Rick chuckles. I shudder and hear this clanging sound, and instead of some forbidden liquid I feel the cold metal of many pieces in my hands. There are so many they are falling to the floor. As I open my eyes I say, what's this, man? He says matter-of-factly, “Kruggerands, man. That's $5,000.” My hands fly apart, the careful scoop morphing into a funnel, and they clatter to the floor. I hope the blood on my hands will come off someday as the mind reels with images of Africans deep in dangerous gold mines, dying by the thousands at the hands of their brutal overseers. What astounds me is how clear the image is. I am pretty unschooled in politics, I know nothing of Marx, and my only education has been KPFK for a few months. No one in the Navy was concerned about apartheid. There had been some racial gang fights on our aircraft carrier, but they had been about the civil rights struggle back on the homeland.

"I can't take these, man," I exhort him. "People are dying so these are made. You have got to get rid of them." My hands are shaking, and I am double-checking to see if there is any blood on them. He looks at me like I am nuts or joking. I assure him in my mind I am not and further I am revolted by his defense of them.

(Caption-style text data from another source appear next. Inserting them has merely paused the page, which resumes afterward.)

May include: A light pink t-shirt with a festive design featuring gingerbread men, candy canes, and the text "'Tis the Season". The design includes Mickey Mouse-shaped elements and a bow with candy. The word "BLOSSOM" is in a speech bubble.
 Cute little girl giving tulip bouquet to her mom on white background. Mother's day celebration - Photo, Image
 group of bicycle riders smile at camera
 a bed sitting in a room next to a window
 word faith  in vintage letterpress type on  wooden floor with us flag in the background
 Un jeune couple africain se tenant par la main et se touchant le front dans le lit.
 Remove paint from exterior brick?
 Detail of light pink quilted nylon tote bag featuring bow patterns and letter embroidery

I feel betrayed that he could pour the offshoot of so much pain and misery into my hands, so I could share in the experience. He isn't giving them to me to keep, but to brag and to bring me into complicity. I want no part of it.

Once he realizes that I am not kidding, a coolness begins to separate us. He is now someone I don't know, never knew, and couldn't have done all those things with. I didn't realize how something so remote, so far away and yet so important, could divide a friendship which had survived the Navy and many experiences. I knew it was time to leave. I had to keep going, I was committed to building a movement, and I could see he wouldn't give up his blood money to be a part of it. I didn't want to leave, but I knew I had to muster the strength to reject the comfort of martinis before dinner, after-dinner drinks, and nice digs.